Boost.Text Iterators Are Constructed from More Than One Underlying Iterator

To do iteration in many text-handling contexts, you need to know the beginning and the end of the range you are iterating over, just to be able to do iteration correctly. Note that this is not a safety issue, but a correctness one.

For example, say we have a string s of UTF-8 code units that we would like to iterate over to produce UTF-32 code points. If the last code unit in s is 0xe0, we should expect two more code units to follow. They are not present, though, becuase 0xe0 is the last code unit. Now consider how you would implement operator++() for an iterator it that transcodes from UTF-8 to UTF-32. If you advance far enough to get the next UTF-32 code point in each call to operator++(), you may run off the end of s when you find 0xe0 and try to read two more code units. Note that it does not matter that it probably comes from a range with an end-iterator or sentinel as its mate; inside it's operator++() this is no help. it must therefore have the end-iterator or sentinel as a data member. The same logic applies to the other end of the range if it is bidirectional — it must also have the iterator to the start of the underlying range as a data member.

This unfortunate reality comes up over and over in the Boost.Text iterators, not just the ones that are UTF transcoding iterators. This is why iterators in Boost.Text usually consist of three underlying iterators.

Often, Iterators from Subranges Can Only be Compared to Each Other

This follows directly from the effect described above. Say you get a subrange from one iteration of a text segmentation algorithm:

char const * c_str = /* ... */;
auto const lines =
    c_str | boost::text::as_graphemes |
    boost::text::lines(boost::text::allowed_breaks);

int line_index = 0;
for (auto line : lines) {
    auto first = lines.begin()->begin();
    std::cout << "line " << line_index++ << " offsets: "
              << std::ranges::distance(first, line.begin())
              << " - "
              << std::ranges::distance(first, line.end()) // Oops.
              << "\n";
}

This code does not halt. The line marked with "Oops." will continue to count forever when it is executed in the second loop iteration. This happens because first is constructed from the iterators delimiting the first line, *lines.begin() (let's call that line l for brevity). first's underlying iterators are: l.begin().base(), first's lower bound, which points to the first code point in l; l.begin().base(), which is the current position of first within l; and l.end().base(), first's upper bound, for one past the last code point in l.

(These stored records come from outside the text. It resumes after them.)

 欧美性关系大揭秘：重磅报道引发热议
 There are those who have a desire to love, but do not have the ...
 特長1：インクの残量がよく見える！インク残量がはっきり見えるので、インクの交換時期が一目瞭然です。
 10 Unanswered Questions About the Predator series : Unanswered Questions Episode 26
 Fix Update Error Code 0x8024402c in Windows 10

When evaluating std::ranges::distance(first, line.end()), first must be advanced until it is equal to line.end(). However, there is an upper bound on how far we can advance first. It cannot advance past its underlying upper bound iterator, which is equal to l.end().base() (which is lines.begin()->end().base()). This upper bound will always be less than line.end(). Remember, the line in line.end() is the line in the second iteration of the loop, but the line l (== *lines.begin()) is the line in the first iteration of the loop.

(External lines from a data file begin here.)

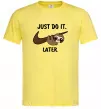 Чоловіча футболка Just do it later Лимонний Чоловіча футболка Just do it later Лимонний фото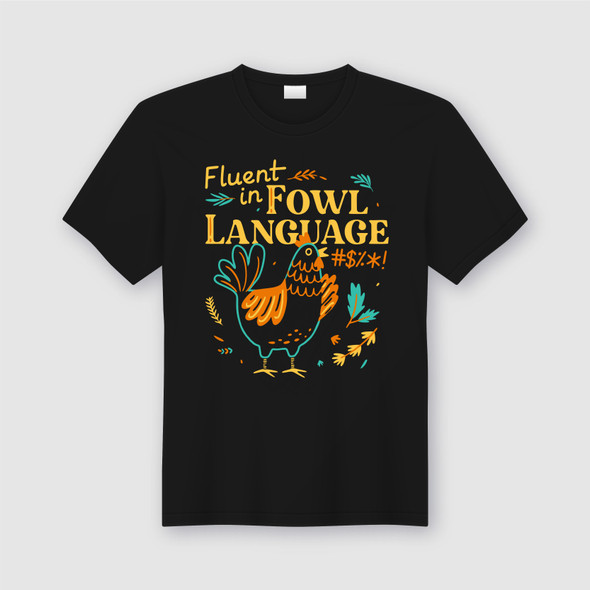 fluent in fowl language  funny black adults tshirt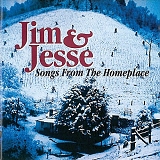 Jim And Jesse - Songs From The Homeplace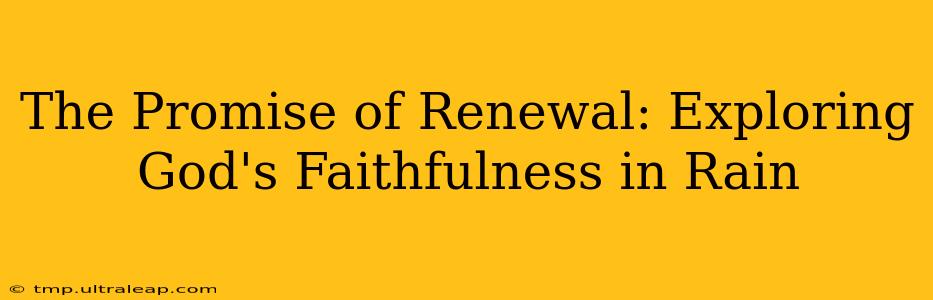 The Promise of Renewal: Exploring God's Faithfulness in Rain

I know all of that was complicated. To keep things simple, follow this rule:

	Important
	When Boost.Text gives you a subrange `s`, comparisons of `s.begin()` to `s.end()` are fine, and so is iteration between `s.begin()` and `s.end()`. However, iteration between either `s.begin()` or `s.end()` and any other iterator may result in undefined behavior.

Sentinels Break Pre-C++20 Range-Based `for` Loops

Prior to C++20, range-based for loops require that the begin-iterator and the end-iterator have the same type. This means that any range consisting of an iterator/sentinel pair will not work with pre-C++20 range-based for loops. Writing it out the long way still works, of course, and in C++20 and later modes, everything just works.